Empower good processes with strong communication
Discover how a focus on communication processes can eliminate fear and confusion while driving increased engagementAdd bookmark
Processes matter. In today’s world, we are seeing daily examples of how good processes could be the difference between life and death. Testing and distributing vaccines, following personal protective equipment protocols and managing populations during an unprecedented pandemic are all activities that stand or fall on sound procedures.
Alongside those essential processes are another set of guidelines that are often neglected. Communication processes are the frameworks that direct the flow of information – information that makes those life and death procedures functional.
From education to collaboration, communication processes are the ones that help reduce confusion, eliminate fear, clarify expectations and solidify actions. Those resolves do not occur by accident. They are the result of careful and deliberate information sharing that makes other processes visible and viable. Without great communication processes, the vital practices of any organization can get lost, bogged down or simply ignored. When communication fails, business processes will not be far behind.
So, what goes into great communication processes?
The medium is the message
Not all communication channels are equal. Updating your shopping list by text message is fine; updating your marital status the same way is not. An animated video clip is great for a product teaser or training module, but not appropriate as a response to a disaster. It is important that your customers and staff understand the intent of the messages they are getting, and no small part of that comes from the channel through which you choose to communicate.
Make sure your communication processes clarify which channels are appropriate for which tasks. There are plenty of options to choose from including mobile apps, social networks, video conferencing platforms, online forums, intranets, emails and instant messaging tools. Do not forget the more personal touch of phone calls, video calls and in-person meetings, where possible. They are less convenient and more challenging to make happen, but send a much stronger message.
Account for engagement
Communication is not a one-way street. People are going to want to respond to your messages, whether they are promotions or apologies. Build that awareness into the communication processes you employ. How do you expect the recipients to respond? What avenues have you made available for them? How is your team going to turn that response into a conversation that benefits all parties?

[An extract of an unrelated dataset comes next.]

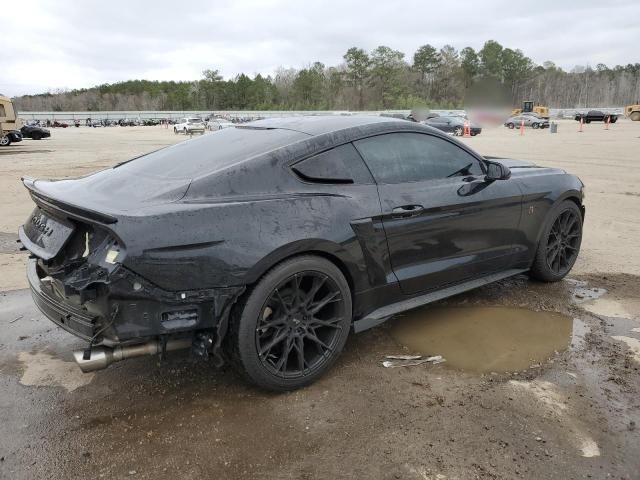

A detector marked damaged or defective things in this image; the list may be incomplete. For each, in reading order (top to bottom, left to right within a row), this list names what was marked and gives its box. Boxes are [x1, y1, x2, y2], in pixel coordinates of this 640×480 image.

This includes sharing your communication within their own networks. Make sure you provide adequate information, and in a format that can easily be passed on. Social media is ideal for shareable content, but keep in mind the purpose of the message and how you expect the content to be utilized.
Clarify the content
It should be obvious, but the content of your communication needs to be carefully considered. All the technology and pipelines in the world cannot help if your message is muddled or incomplete.
Make sure there are checks in place to validate your messaging before it is sent. What is it that you are trying to say? What is the key information to be conveyed, and what should the takeaway be for recipients? While the team responsible for creating the messaging might be convinced it is ready to go, an external eye may well pick up inconsistencies or any lack of clarity around the core message. Think about the questions any reasonable recipient might ask and consider how those have been addressed.
Also check in with the key stakeholders of the content. Has there been adequate consultation with all the right people before this announcement? Who should be tasked with signing off the messaging? Build those checks into the process to ensure nothing is released without being completely ready.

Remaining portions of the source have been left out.